But only 4 percent of those with an elementary school education were unemployed, a sign of voracious corporate demand persisting for blue-collar workers. Wages for workers who have come in from rural areas to urban factories have surged 70 percent in the last four years; wages for young people in white-collar sectors have barely stayed steady or have even declined.

Economists have long estimated that the Chinese economy needs to grow 7 or 8 percent annually to avoid large-scale unemployment. But that rule of thumb has become less reliable in recent years as the labor market has split.

Relatively slow growth is still creating enough jobs to provide full employment for the country's blue-collar workers.

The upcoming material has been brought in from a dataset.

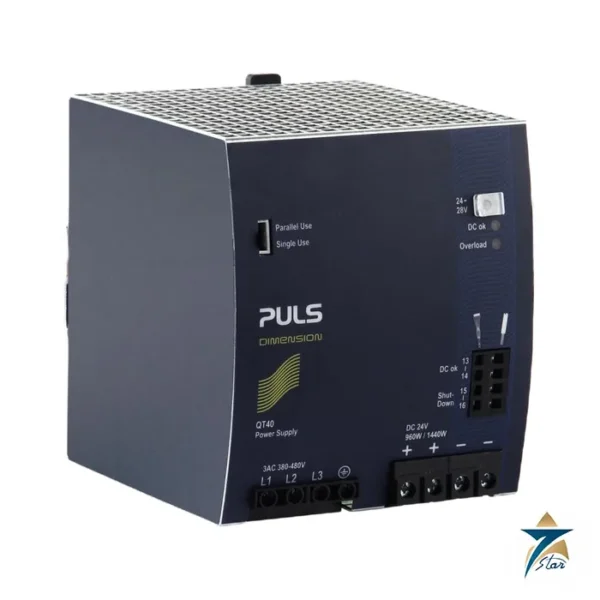 PULS QT40.241 24 V 40 A three-phase DIN rail power supply, angled front view
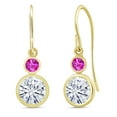 thumbnail image 1 of Gem Stone King 14K Yellow Gold White Moissanite and Pink Sapphire Drop Dangle Earrings for Women (1.87 Cttw, Gemstone Birthstone, Round 6MM and 3MM), 1 of 3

But much faster growth may be needed to create white-collar jobs for the graduates pouring out of universities.

(Read More: Are Today's Graduates Unemployable?)

The International Monetary Fund predicts the Chinese economy will grow 7.75 percent this year — slower than the growth of 10 to 14 percent before 2008, but still a much faster pace than in the West. The main problem for China lies in the sheer growth in graduates; the United States produces three million graduates a year, while China has increased its annual number of graduates by more than five million in a single decade.

One response, endorsed by the State Council, is to urge more graduates to take jobs at small, private companies. But a generation of people who grew up under the government's "one child" policy has proved risk-averse and slow to join or set up new companies.

"I would not work for private companies, that is not secure—only state-owned ones," Ms. Yan said.

Many graduating seniors, seeing limited job opportunities, are applying to the country's fast-expanding graduate schools. Yang Yi, a senior majoring in applied economics at the Beijing Institute of Technology, said that after applying unsuccessfully for jobs through the winter, he was prepared to seek a master's degree.

"Hopefully the economy will have recovered when I graduate in two years," he said. "Getting a master's degree is always better than working in small companies that might not even last long."

Chinese students have been gravitating toward majors that are perceived as academically less demanding but likely to lead to careers in banking. Business administration and economics majors have proliferated, partly because the country's many new private universities find them inexpensive subjects to teach. Programs in engineering and other sciences, with their requirements for costly labs, have grown more slowly.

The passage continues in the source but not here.